- What is required: I need the lines below from the one with "TRQ Performance Front" down to the one with "Town Forst Womens" reproduced exactly, both ends included, and nothing else.

- Task material:
===

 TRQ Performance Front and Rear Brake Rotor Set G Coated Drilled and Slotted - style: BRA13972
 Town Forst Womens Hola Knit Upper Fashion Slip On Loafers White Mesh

===

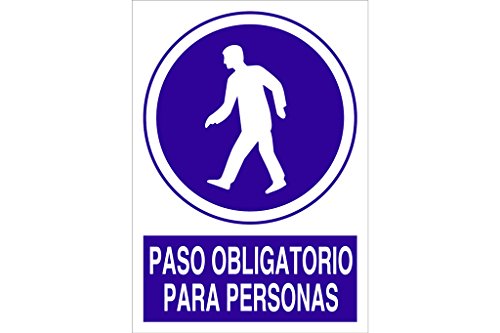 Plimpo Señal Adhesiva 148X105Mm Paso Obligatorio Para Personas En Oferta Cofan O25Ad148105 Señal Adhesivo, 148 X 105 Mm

===

- Exercise response:
 TRQ Performance Front and Rear Brake Rotor Set G Coated Drilled and Slotted - style: BRA13972
 Town Forst Womens Hola Knit Upper Fashion Slip On Loafers White Mesh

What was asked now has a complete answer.